It’s also helping geologists better understand plate tectonics.
Unearthed in the largest mine in Botswana, the Okavango Blue Diamond is on display to the public for the first time. Courtesy of the Okavango Diamond Company
The industry term for naturally colored stones is “fancy,” which makes this rare, 20.46-carat Okavango Blue Diamond from Botswana a “fancy deep blue.” But even that might be an understatement for a gem that stands out from 99.98 percent of all other mined diamonds.
The unusually large diamond, which was revealed at a new exhibit at the American Museum of Natural History in New York City last week, is about the size of an almond in its shell. It was likely formed more than 415 miles underground, beneath a part of the inner Earth called the transition zone. The stone surfaced in May 2018 in Botswana’s Orapa mine, and was found by the Okavango Diamond Company.

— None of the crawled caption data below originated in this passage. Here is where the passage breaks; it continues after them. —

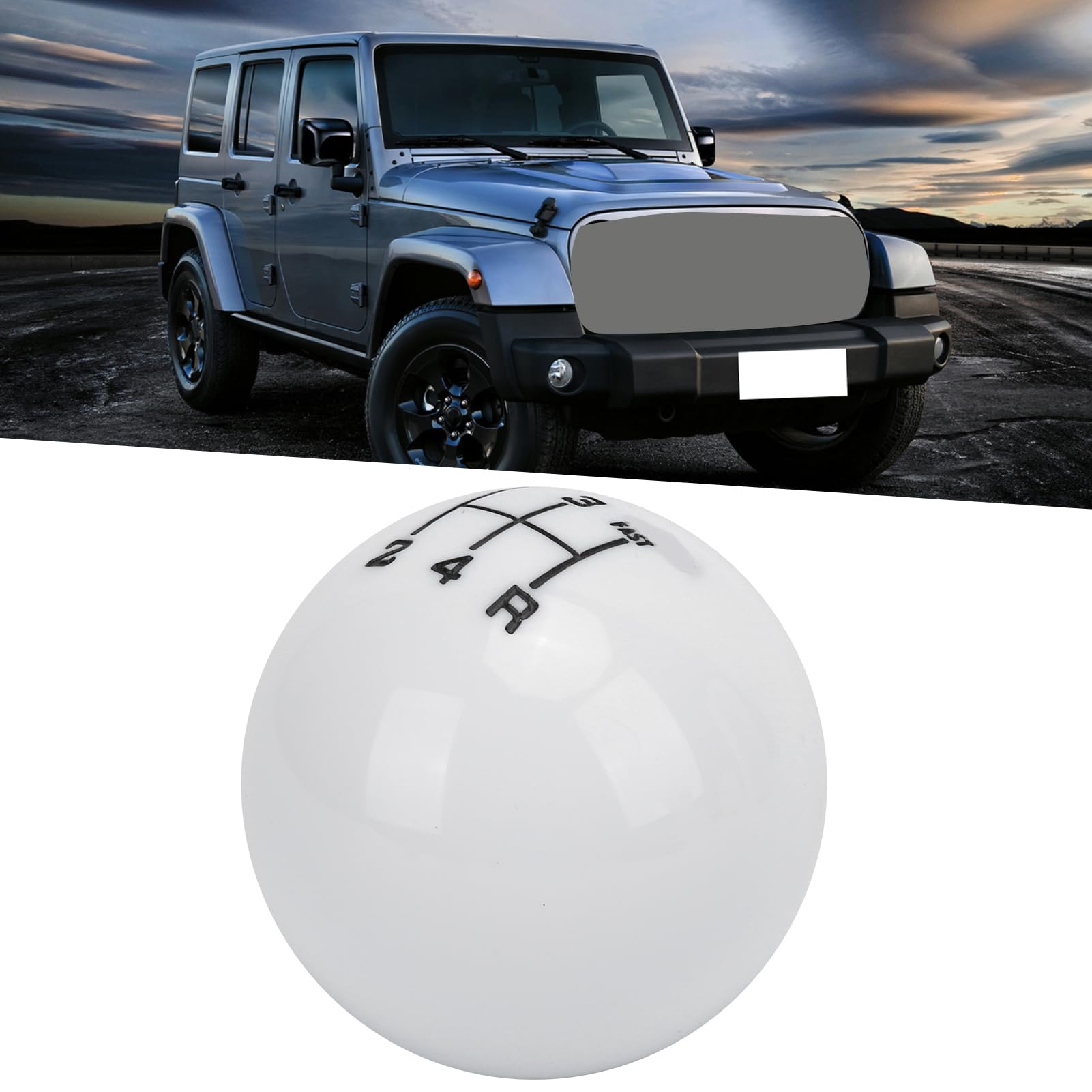 Leva Del Cambio Per Auto A 5 Velocà Pomello Del Cambio Automatico Con Adattatore M8 M10 Testine Del Cambio Con Sfera Rotonda Nera Leva Del Cambio Di Ricambio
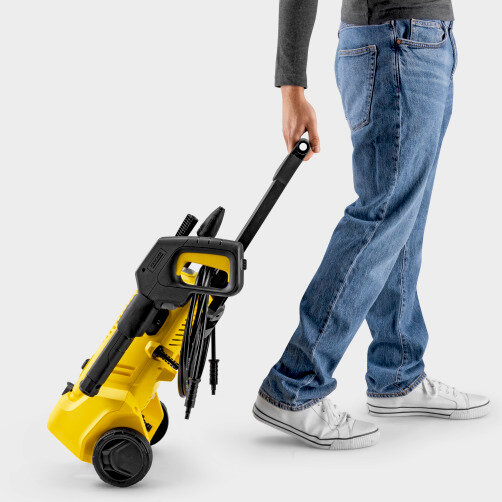 高圧洗浄機 K 2 Upright: 大きなタイヤ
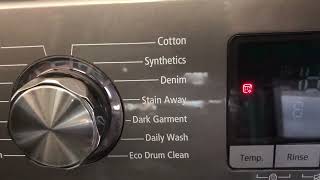 Samsung washing machine red flashing drum icon or warning symbol fix.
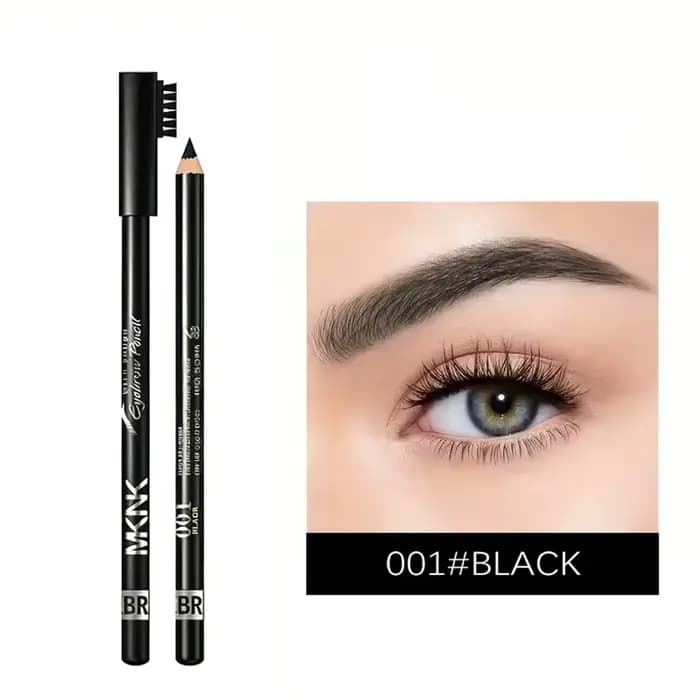 Crayon à sourcils 2 en 1 avec brosse, Eyeliner résistant à la sueur, stylo de maquillage, outil prof
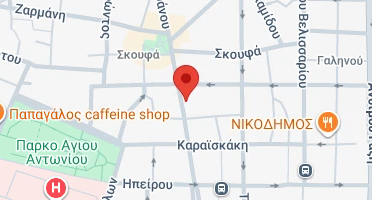 Location of business on map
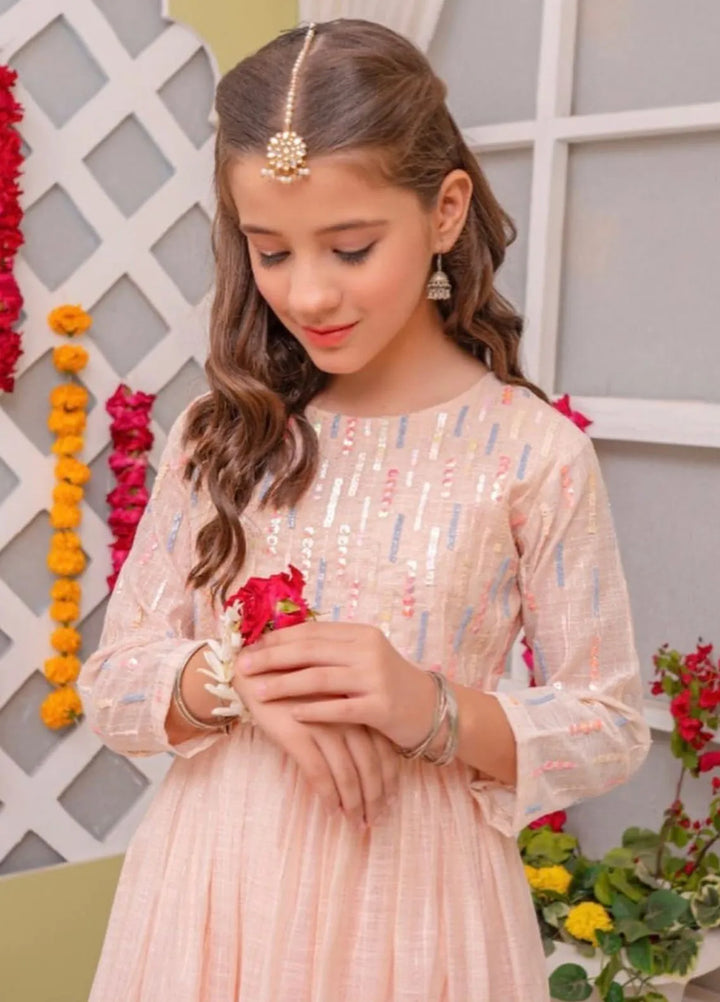 Sania Khan Pret Embroidered Zari Lawn 2 Piece Suit Longfrock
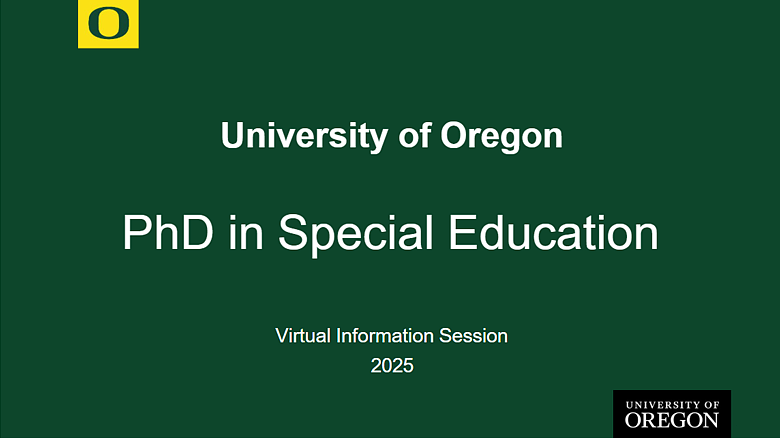 SPED information session video thumbnail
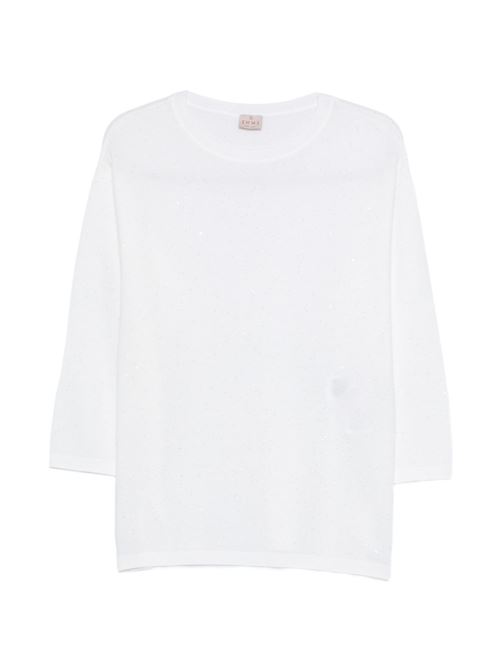 Maglia donna Emme Marella lurex con paillettes burro EMME Marella | SABBIA001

But what’s most immediately striking about this gem is its hue: It gets its azure glow from boron that originated in seawater. Usually, diamonds contain a higher amount of nitrogen than boron, because nitrogen is more abundant in the environment and boron doesn’t typically exist deep in the Earth where the minerals form. But the Okavango Blue flips the script by containing a higher proportion of boron to nitrogen.

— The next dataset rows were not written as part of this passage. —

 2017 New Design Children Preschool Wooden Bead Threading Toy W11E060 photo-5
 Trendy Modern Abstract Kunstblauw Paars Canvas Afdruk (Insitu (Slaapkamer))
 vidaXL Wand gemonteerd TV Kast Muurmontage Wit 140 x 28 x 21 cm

So how did element no. 5 get fused into this diamond? The ocean contains boron, which gets recycled into the bedrock and Earth’s mantle through a process called subduction. When a tectonic plate in the ocean naturally collides with a continental one and slides underneath it, boron gets driven deeper down into the transition zone. The traces get buried over time, and can eventually end up in a diamond.
“This is another piece of evidence to support our interpretation of how the planet works,” says George Harlow, a geologist and curator for the American Museum of Natural History’s Halls of Gems and Minerals.
The gem is currently on loan to the American Museum of Natural History from the government of Botswana. Photo: D. Finnin/©AMNH
Scientists have only learned about subduction in the past 50 years, Harlow says, so this theoretical idea behind the Okavango Blue’s formation further builds on our early understanding of a major planetary process. Still, the exact reason for the diamond’s chemical composition eludes mineralogists. “We don’t really understand why the nitrogen is so low,” says Harlow. Diamonds with higher amounts of nitrogen take on a yellowish color, so the near-flawless Okavango is a whopper of a find.
Until the industry comes up with a more apt term for such a stellar gem, “fancy” will have to do for the Okavango Blue.